2 Working with table designs

Tom Vogels edited this page Aug 14, 2017 · 1 revision

Table designs

The Redshift ETL supports the notion of "table designs" which describe

  • how to create the table (including how to distribute it)
  • what column attributes and constraints exist,
  • how to retrieve column values from upstream source in case casts are needed,
  • what table attributes and constraints exist.

This is true for tables and CTAS but in case of views they simply list the columns.

The extension of the file must be '.yaml' and the format is YAML. (We encourage the use of a "commented" JSON as a subset of YAML, which makes the syntax of these files easier to debug.)

Upstream sources

Basic structure

The basic table design for a table from an upstream data source looks like this:

{
    "name": "harryswww.orders",
    "source_name": "harryswww.public.orders",
    "columns": [
        ...
    ]
}

Tables can (and probably should) have a description field.

Column definitions

Each column must be an object that contains at least the name, type and sql_type information. The "type" here is a generic information that can be readily used when data is in flight, e.g. in Avro data files or Spark Dataframes. The "SQL type" is the type of the column which will be used when the table is created.

Here's a full toy example:

{
    "name": "example.toys",
    "description": "An example table that stores information about toys",
    "source_name": "example.public.toys",
    "columns": [
        {
            "name": "id",
            "sql_type": "bigint",
            "type": "int"
        },
     ]
}

The exception here is that there is support for "skipped" columns -- these are columns which should not be retrieved from upstream sources but should be tracked so that nobody assumes that they were left off by accident. These columns show up like this:

    ... {
            "name": "encrypted_password",
            "skipped": true
        } ...

Additional fields for column definitions are:

  • the type that the column has in the upstream database: source_sql_type
  • the flag whether column is nullable: is_null
  • the SQL expression which will cast upstream data into the correct column type: expression
  • the compression: encoding

Table attributes and constraints

Attributes describe how the table is distributed over compute nodes: either on all nodes, evenly distributed or distributed by a column.

Constraints describe how a column or a set of columns needs to be unique or references another table.

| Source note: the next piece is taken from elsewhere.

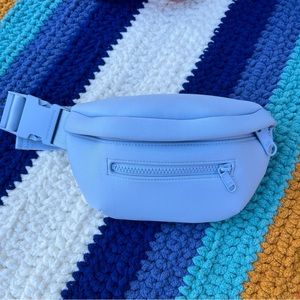 EUC Dagne Dover Ace fanny pack in Skyway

CTAS -- Tables created using SQL queries

In most ways, CTAS are just like tables except they do not have an upstream source and are created by running a SQL query instead. Thus all of the information above applies except for "source_name" which now must be set to the literal "CTAS". And note that you also have to provide a file with the query. That file must have the same base name as the table design and have an extension of .sql.

{
    "name": "sales.fact_order",
    "source_name": "CTAS",
    "description": "Fact table for our order star schema, based on upstream 'www' data",
    "columns": [
        ...
    ]
}

Additionally, CTAS may have an "identity" column which is most useful for dimension tables.

Views

For views, there's no need (or opportunity) to specify anything other than the names of the columns. So the table design for a view looks like this:

{
    "name": "staging.users_without_pii",
    "source_name": "VIEW",
    "description": "View over users information but without their names and addresses",
    "columns": [
        { "name": "id" },
        { "name": "last_visit" },
        { "name": "is_subscriber" },
        { "name": "state_us" }
    ]
}

Note that "source_name" must be set to the literal "VIEW".